Plaintiff also contends that it was error for the trial court to admit Touchstone's testimony of the agreement between Alexander, the superintendent for decedent's employer, and Production Steel as to the manner and conditions under which power might be turned on and the cranes operated, claiming that this is hearsay, relying on City of Grand Rapids v. Coit, 149 Mich. 668; and Colgrove v. Goodyear, 325 Mich. 127 (10 ALR2d 1029). However, it was not objected to on the ground that it was equally within the knowledge of the deceased.
See CL 1948, § 617.65 (Stat Ann § 27.914). — REPORTER.
The testimony of the arrangement made with Alexander was not hearsay. The arrangement was an essential and relevant element in the case. The testimony was admissible.

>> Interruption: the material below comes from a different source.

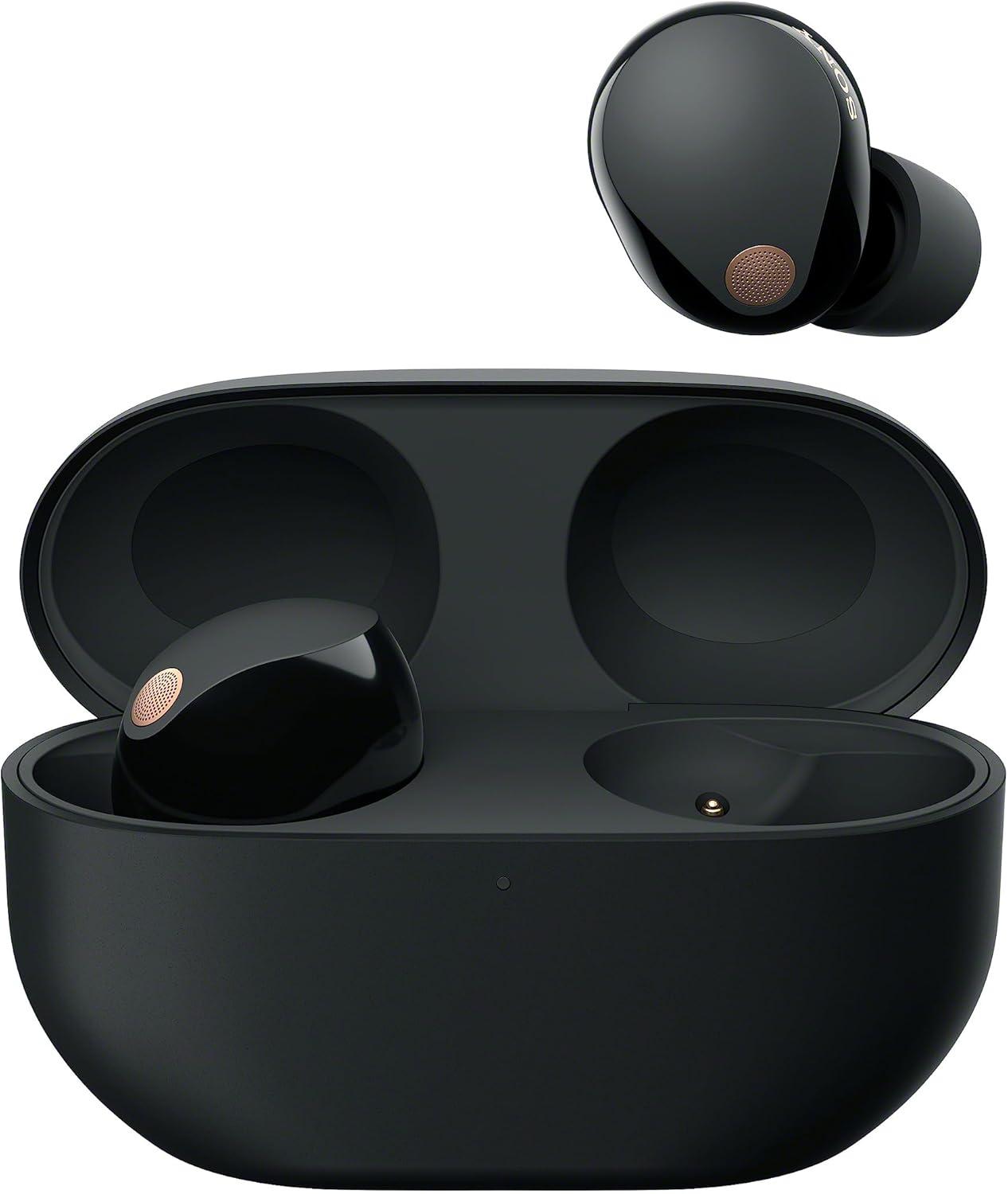 Sony Kabellose Noise Cancelling Kopfhörer,Bluetooth, In-Ear-Kopfhörer, Mikrofon,24 Stunden Akkulaufzeit, Schnellladefunktion,IPX4, iOS & Android kompatibel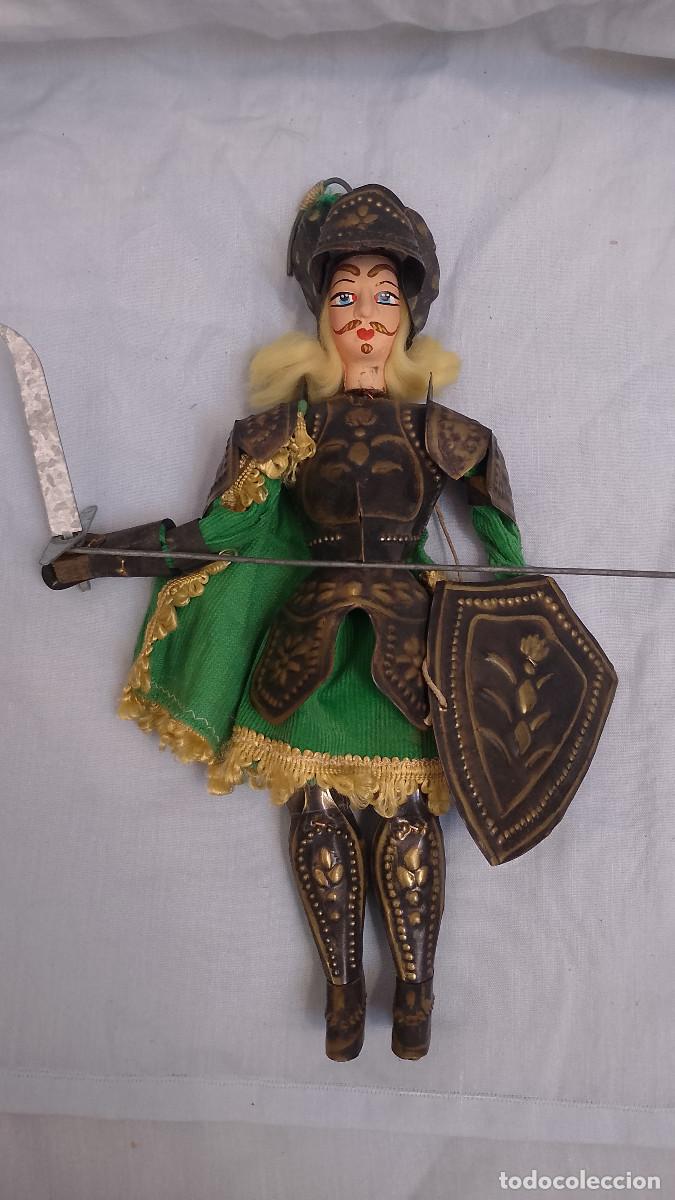 Juguetes antiguos y juegos de colecci&oacute;n: arioneta siciliana &ndash; Opera dei Pupi &ndash; Guerrero con armadura, espada y escudo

"The theory of the hearsay rule is that, when a human utterance is offered as evidence of the truth of the fact asserted in it, the credit of the assertor becomes the basis of our inference, and therefore the assertion can be received only when made upon the stand, subject to the test of cross-examination. If, therefore, an extrajudicial utterance is offered, not as an assertion to evidence the matter asserted, but without reference to the truth of the matter asserted, the hearsay rule does not apply. The utterance is then merely not obnoxious to that rule. It may or may not be received, according as it has any relevancy in the case; but if it is not received, this is in no way due to the hearsay rule." 6 Wigmore on Evidence (3d ed), pp 177, 178.
Inasmuch as the defendant Production Steel Company was required to have the power to the crane turned on only by the supervisor of Jack Frost Electric Company, the decedent's employer, and because this arrangement was made with their employer for the protection of the electricians then working in the building, the duty that the defendants owed to the electricians employed by Jack Frost Electric Company had thus been fulfilled.
We conclude that granting the motions of the defendants for judgment non obstante veredicto was proper under the circumstances of the case. Viewing the testimony in the light most favorable to the plaintiff, there was an absence of proof that the defendants were guilty of any breach of duty or negligence which was a proximate cause of decedent's injury. Consequently, it is not necessary to discuss the additional ground on which the defendants deny liability, namely, that plaintiff's decedent was guilty of contributory negligence. Nor do we find any proof to justify plaintiff's claim of gross or subsequent negligence.
CARR, C.J., and BUTZEL, SMITH, SHARPE, REID, DETHMERS, and KELLY, JJ., concurred.